Note that you might have to re-execute the cell if freshly generated CSV files don't appear in the list. The reference files selected by default is the last one that was checked into version control.

In [None]:
ls = [ csv_path+"%s" % n for n in os.listdir(csv_path) if n.endswith(".csv") ]
ls = sorted(ls, key=lambda n: os.stat(n).st_mtime)
results = list(reversed(ls))
refs = subprocess.check_output(["git", "log", "--pretty=format:", "--name-only", csv_path]).split()
refs = [os.path.relpath(r.decode(), "iPython") for r in refs]
result_refs = list([ r for r in results if r in refs ])
interact_manual(iapi.compare_csv,
                result_file=Select(options=results, value=results[0]),
                ref_file=Select(options=results, value=result_refs[0]))

## Compare *all* pipelines and HPSO versions

We go back in (Git) history and pairwise compare them.

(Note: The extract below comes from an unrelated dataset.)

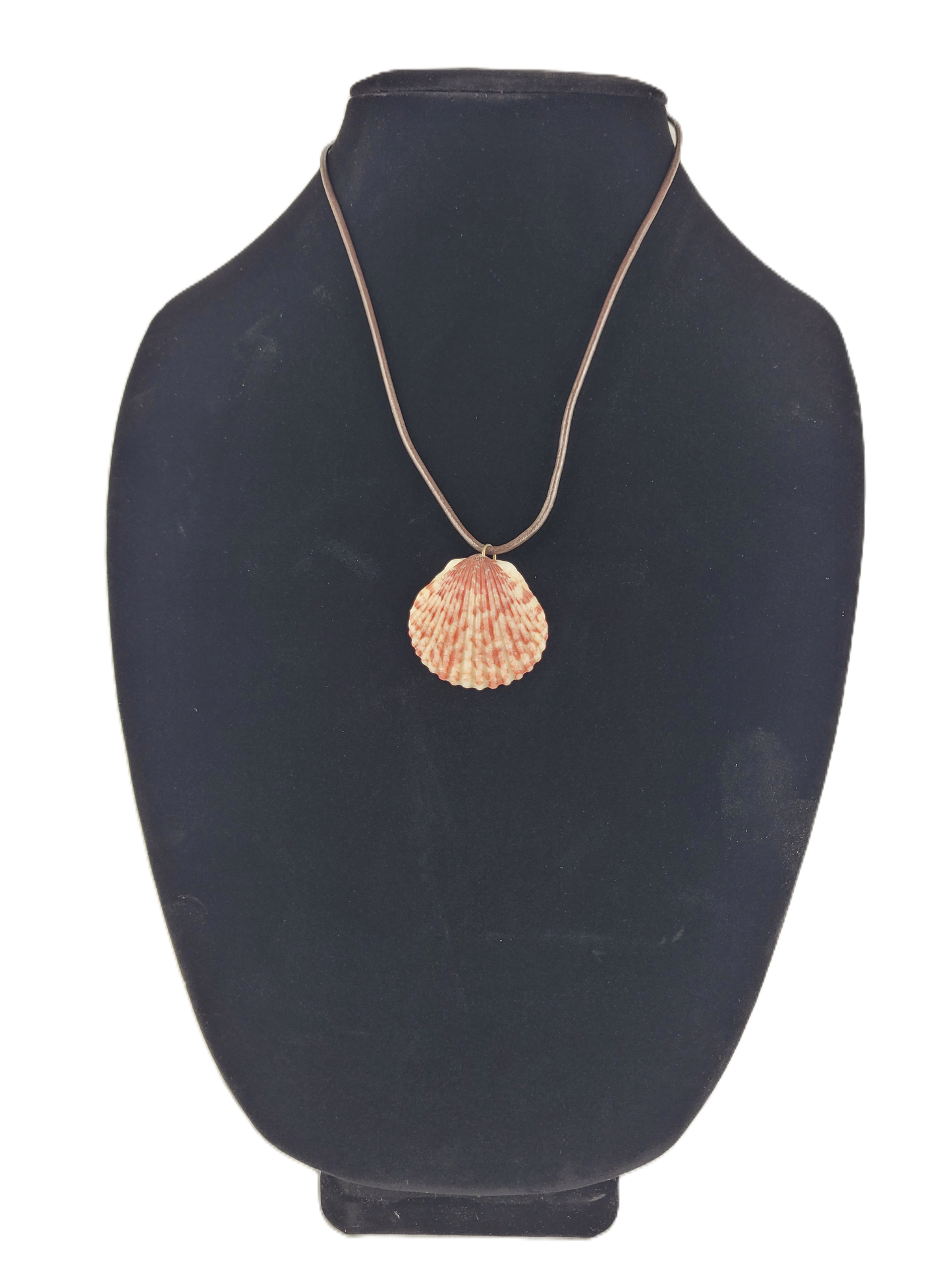 Necklace with a shell pendant on a black mannequin bust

The current results (see above) are included.

In [None]:
out_path = os.path.join('out', 'csv')
# Get all reference files from Git history
refs = subprocess.check_output(["git", "log", "--pretty=format:", "--name-only", "--reverse", "../data/csv"]).split()
refs = list(map(lambda r: os.path.relpath(r.decode(), "iPython"), reversed(refs)))
hpso_refs = list(filter(lambda n: n.endswith('_hpsos.csv'), refs))
all_hpsos = [os.path.join(out_path, 'current_hpsos.csv')] + hpso_refs
pipelines_refs = list(filter(lambda n: n.endswith('_pipelines.csv'), refs))
all_pipelines = [os.path.join(out_path, 'current_pipelines.csv')] + pipelines_refs

# Quick and dirty way to get the piece of history
import re
def git_log(file0, file1):
    display(Markdown("### Comparing %s with %s" % (file1, file0)))

    match0 = re.search(r"-([0-9A-Fa-f]+)_", file0)
    if match0 is None: return
    ref0 = match0.group(1)

    if file1.startswith(out_path): # current
        ref1 = "HEAD"
    else:
        match1 = re.search(r"-([0-9A-Fa-f]+)_", file1)
        if match1 is None: return
        ref1 = match1.group(1)

    print(subprocess.check_output(["git", "log", ref0 + ".." + ref1, '--format=%h %ci %cn: %s']).decode())

# Compare pairwise, track changes
diffs_hpsos = []
for i, (results, reference) in enumerate(zip(all_hpsos, all_hpsos[1:])):
    git_log(reference, results)
    diffs_hpsos.append(iapi.compare_csv(results, reference,
                                        export_html=os.path.join(out_path,"compare_hpsos_%d.html" % i)))
diffs_pipelines = []
for i, (results, reference) in enumerate(zip(all_pipelines, all_pipelines[1:])):
    git_log(reference, results)
    diffs_pipelines.append(iapi.compare_csv(results, reference,
                                            export_html=os.path.join(out_path,"compare_pipelines_%d.html" % i)))

We always want to keep the current numbers under source control for easy comparisons. Therefore, the CSV file checked into Git should exactly match the current results.

In [None]:
assert diffs_hpsos[0] < 1e-6, "%s does not match (%g)! Forgot to check in new results?" % (all_hpsos[1], diffs_hpsos[0])
assert diffs_pipelines[0] < 1e-6, "%s does not match (%g)! Forgot to check in  new results?" % (all_pipelines[1], diffs_pipelines[0])